4年間の集大成「卒業制作〈ドキュメンタリー〉」

これまで修得したあらゆる知識と技術を総動員して、⼀般公開できるレベルの作品を制作します。出来上がった作品の上映まで⾃分たちの⼿で⾏うことで、映画をどのように観客に届けるのか、「⾒せる」ためのプロセスも体験的に学びます。(卒業制作上映会公式HPはこちら


メッセージ

安岡卓治

作り手の想像力がモノを言う
ドキュメンタリーは「フィクション」だ

安岡卓治Yasuoka Takaharu教授/映画プロデューサー

事実を淡々と映し出すイメージを抱かれがちなドキュメンタリー。しかし、キャメラで切り取れるのはあくまでも現実のごく一部。作り手が一貫したテーマ・コンセプトのもと、想像力と柔軟性をもって数々の「断片」をつなぎ合わせ、どのように再構成するかが作品のクオリティを左右します。
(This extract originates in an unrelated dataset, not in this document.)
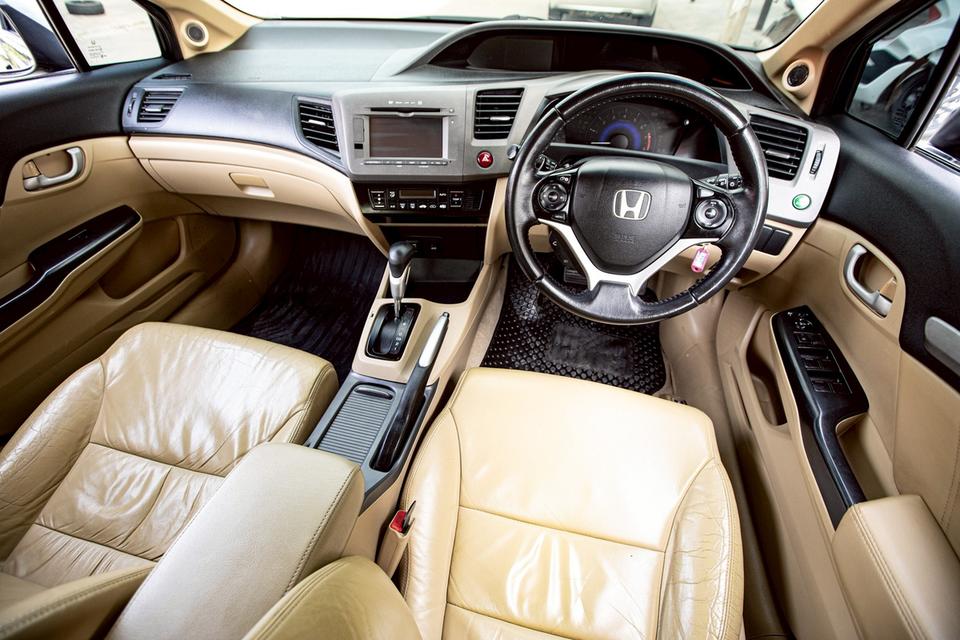 Honda Civic Fb 1.8E Navi ปี 2013 เบาะไฟฟ้า มือเดียวป้ายแดง สีดำ 15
取材を受ける側は、キャメラを向けられることで無意識に「演技」をしてしまうものです。キャメラの存在を気にせずに話をすることができる環境や人間関係作りによって、観る側の心を揺さぶる言葉が引き出される。そして、その人の存在価値やメッセージを社会に伝える深みのある作品ができていくのです。
そこに描かれるのは作り手の世界。フィクションといってもよいでしょう。